The leadership of both Thorsson and Chisholm became controversial because of their association with the Satanist Temple of Set. In 1988 to 1989, Rob Meek campaigned against the "Satanist infiltration" of the group. The Ásatrú Alliance in 1989 declared that there could be no association of Ásatrú and Satanism. In 1991, Thorsson and Chisholm sought for a new leader (Steersman) of the group, as it had become clear that they were too controversial to fill this position. The office of Steerswoman was eventually accepted by Prudence Priest in 1992. Internal controversy continued to plague the group, however, including accusations that Priest was intending to pass leadership back to Thorsson and attempting to marginalize the increasingly influential Stephan Grundy. As a consequence, Priest was ousted by William Bainbridge in 1995, who took over as interim Steersman.
By the mid-1990s, the Troth, now led by William Bainbridge, had emerged as a stable organization with a wide spectrum of members situated "squarely within the Wiccan/neopagan community". Bainbridge was followed by Diana Paxson (1999), Stefn Thorsman (2002), Mark Donegan (2005), Patricia Lafayllve (2008), Victoria Clare (2010), Steve Abell (2013), Rob Schreiwer (2016), Lauren Crow (2022), and Benjamin Kowalsky-Grahek (2023).

==Approach within Heathenry==
The Troth is prominent in the non-racialist, inclusive branch of modern-day heathenry.
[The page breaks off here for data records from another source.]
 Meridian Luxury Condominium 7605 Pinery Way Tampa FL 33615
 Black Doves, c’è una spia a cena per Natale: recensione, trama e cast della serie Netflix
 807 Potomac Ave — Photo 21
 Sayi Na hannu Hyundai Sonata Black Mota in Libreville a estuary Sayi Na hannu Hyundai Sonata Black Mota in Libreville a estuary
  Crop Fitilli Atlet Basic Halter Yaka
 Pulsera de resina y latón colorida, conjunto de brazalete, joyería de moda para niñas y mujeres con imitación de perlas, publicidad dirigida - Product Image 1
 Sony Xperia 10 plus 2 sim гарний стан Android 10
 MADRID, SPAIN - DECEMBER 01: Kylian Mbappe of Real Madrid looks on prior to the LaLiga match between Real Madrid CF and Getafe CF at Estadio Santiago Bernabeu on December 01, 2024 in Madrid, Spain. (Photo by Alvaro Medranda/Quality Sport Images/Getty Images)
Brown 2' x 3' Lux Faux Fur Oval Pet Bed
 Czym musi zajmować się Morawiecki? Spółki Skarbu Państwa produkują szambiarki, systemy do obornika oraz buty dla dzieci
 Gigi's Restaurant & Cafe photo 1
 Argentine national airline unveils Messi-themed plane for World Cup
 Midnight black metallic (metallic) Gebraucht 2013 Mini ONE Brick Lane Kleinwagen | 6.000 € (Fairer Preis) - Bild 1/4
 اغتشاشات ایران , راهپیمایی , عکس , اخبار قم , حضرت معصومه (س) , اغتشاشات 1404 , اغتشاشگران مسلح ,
The organization's statement of purpose and bylaws refer to "non-discriminatory groups and individuals" and specify that "Discrimination [based on criteria such as race, gender, ethnic origin, or sexual orientation] shall not be practiced by The Troth, its programs, departments, officers, or any affiliated group, whether in membership decisions or the conduct of any of its activities."

Edred Thorsson intended the Ring of Troth to be based on scholarship and provide priests trained to high academic standards. While few members have achieved graduate degrees as he envisaged, the organization has been a prominent source of scholarly information within heathenry.

==Publications==
The Troth publishes a quarterly journal called Idunna, an annual Old Heathen's Almanac, and a handbook called Our Troth.

==Ring of Troth Europe==
A United Kingdom affiliate of the Ring of Troth, later renamed Ring of Troth Europe, was founded in 1993 by Freya Aswynn, who has held office in both the Troth and the Rune Gild. Aswynn was removed as a member and elder of The Troth in August 2018, citing a violation of the organization's inclusion policies.

==Eldaring==

The German Eldaring started in 2000 as a partner society of The Troth, and was officially founded and registered in 2002. As of 2008, it had an active Internet forum claiming almost 5,000 users. It became an independent nonprofit organisation in 2009. It claims political neutrality, and rejects "practices and worldviews that run counter to the free democratic basic order of the Federal Republic of Germany.. (this) includes political right-wing and left-wing extremism, homophobic and racist attitudes, sexism, calls for violence and the occult world views of theosophy or ariosophy."
In 2025 Eldaring claimed to have more than 600 members.